E: Not really. Not specifically. We offer up our production services. Which means we have this huge pool of producers and assistant directors, editors. People that those other shows can use if they want. But we don’t mess with the creative at all. That’s the whole point of our company. It’s about helping those out, and not screwing with them in any way. Sometimes we’ll overlook cuts. Or you know, offer advice if people want it. But it’s just on a show to show basis.
T: I think that’s pretty important. It’s important for the artist to be able to express themselves the way they want to. Most television is a compromise of about fifty different people who are trying to get their way for a variety of reasons that often don’t have anything to do with the quality of the show. And the people we work with, who do shows for our company I mean. Nathan Fielder, or Eric Andre.
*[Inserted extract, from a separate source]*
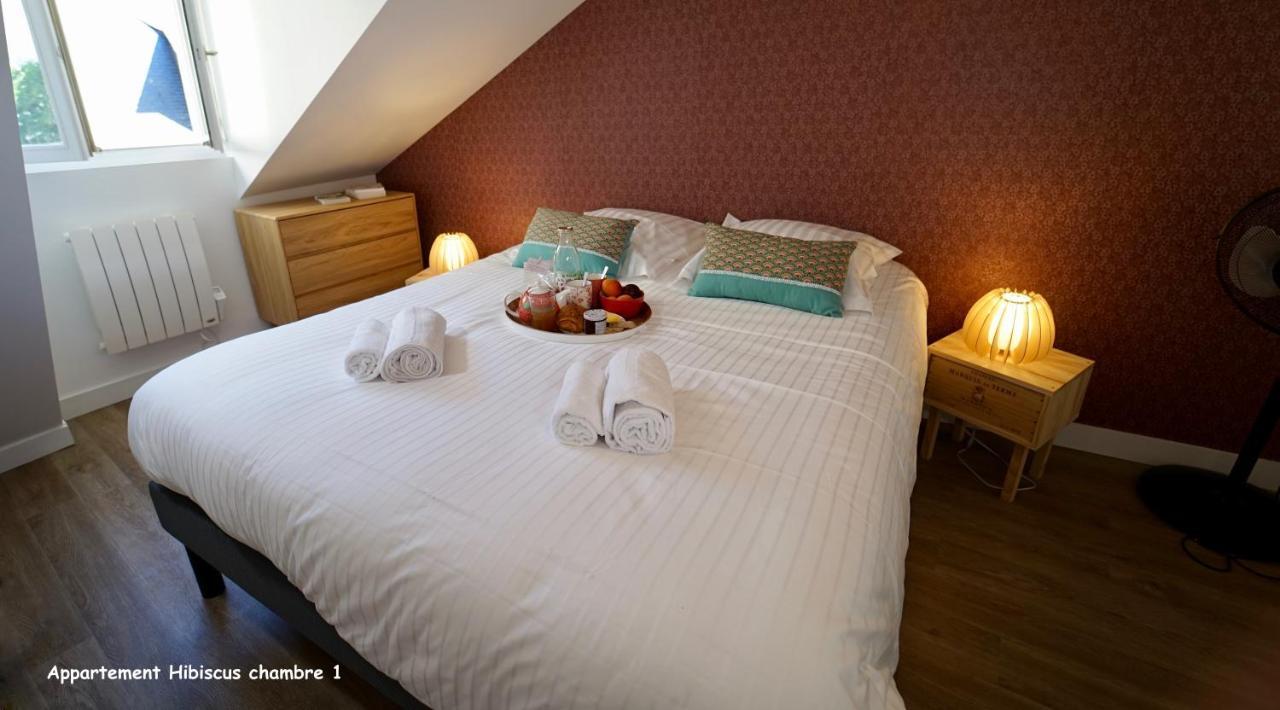 Appartements De Caractere Centre Vannes Exteriör bild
They’re all individuals who have a pretty strong vision of what they want to make. Just like Eric and I do. And we were taught when making our shows, that you kind of sink or swim on your own ideas. You gotta give people that freedom to either succeed or fail based on their own ideas.
So you guys have always had that creative freedom with your shows?
T: Pretty much, yeah. We had some help from Bob Odenkirk right at the beginning. He helped us figure out some very basic structural stuff in terms of how to make a show, and that kind of stuff. But we don’t get a lot of notes. We don’t get a lot of push back on our work.
This year you put out the second “season” of Bedtime Stories which was pretty different. What made you want to move away from the more sketchy stuff you’d previously been doing and into the Bedtime format which is more filmic.
E: We made a couple episodes of Awesome Show! that had a singular theme or a singular story and if was just a different way of telling the tale that we kind of liked. After doing sketch comedy so long where each bit is just thirty seconds to a minute to tell a story. It was just fun for us. I guess I like to challenge ourselves and come up with something that is different. I feel like we have this whole different feeling with Bedtime.
T: We sort of finished Awesome Show! and said, what can we do that’s kind of the opposite of that show? Make something that people are gonna be surprised by and maybe reach a different audience or a bigger audience. But at the same time not compromise and not be stuck with a narrative sitcom with one set of characters. Let’s create a space where each episode can be a different thing. But not 30 different things. Just one different thing.
Did you have any inspirations in going into that form?
T: We talked a lot about The Twilight Zone. And Black Mirror from the U.K. There’s not a lot of TV that does the anthology really well. Those were the main ones. We felt like we could do a version of that with a few more laughs.
Is your process pretty similar when making a live show compared to TV?
E: No. Oh hell no. It’s theatre! It’s rock and roll! It’s up there being live. There’s no edit. You gotta be loud. Especially for a New Zealand crowd.
Do you enjoy it as much as creating the video content?
E: I would say sometimes it’s even better. Because when you make a TV show. You work so hard and so often it just airs and that’s it. Usually you’re not around a whole bunch of people watching it together. But when you do live comedy there’s something kind of magical about everyone being on the same page and in the same room. But it’s a totally different muscle.